Miguez and reporter Phil Davis chatted — who, what, when, where — as they did a few times a week.
Hours later, he texted her back: Shooting in the newsroom.
“I thought he couldn’t be serious,” Miguez said.
She texted Davis back, and then called for officers. Some 300 would converge on the newsroom in the next hours — everyone from Anne Arundel County Police to postal inspectors to the FBI.
A man with a pump-action shotgun had blasted his way into the Capital Gazette newsroom Thursday, killing five people and wounding two others. Police found themselves arriving at an unusual crime scene: The victims and survivors were familiar faces.

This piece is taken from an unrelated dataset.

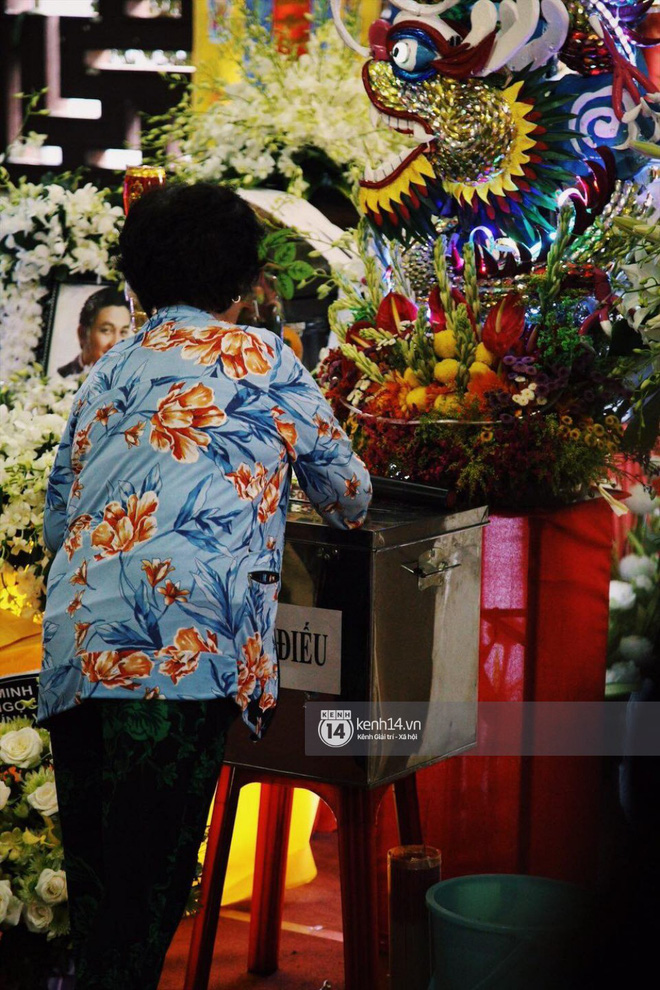 Trước giờ cử hành tang lễ, bố Anh Vũ thay mặt gia đình gửi lời cám ơn mọi người đã đưa cố nghệ sĩ về đất mẹ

Anne Arundel Police Chief Timothy Altomare said the department shares their grief.
“Most of the folks that work at The Capital Gazette work with us daily,” he said. ”It’s Annapolis. ... We all know those reporters.
“The young lady who just started is probably the only one I haven’t met in 25 years of police work in the county. You know: sports events, human interest pieces. Rob always wrote something funny. Yeah, it touches us.”
Altomare said the shooting will weigh heavily on the police officers.
“This is why cops don’t live to be 80, because we carry everyone’s sorrow,” he said.
None of his officers worked more closely with the newsroom than Lt. Ryan Frashure.
Growing up in Anne Arundel County, Frashure read the sports pages of the Maryland Gazette each Saturday. The staff published two papers, the daily Capital and the twice-weekly Gazette.
“You read it and then you stash it away and eat crabs on it,” he said.
Frashure, like so many Anne Arundel residents, delivered the Maryland Gazette as his first job.
“I remember sitting in the back of the truck and chucking newspapers out, and going around collecting money from people,” he said.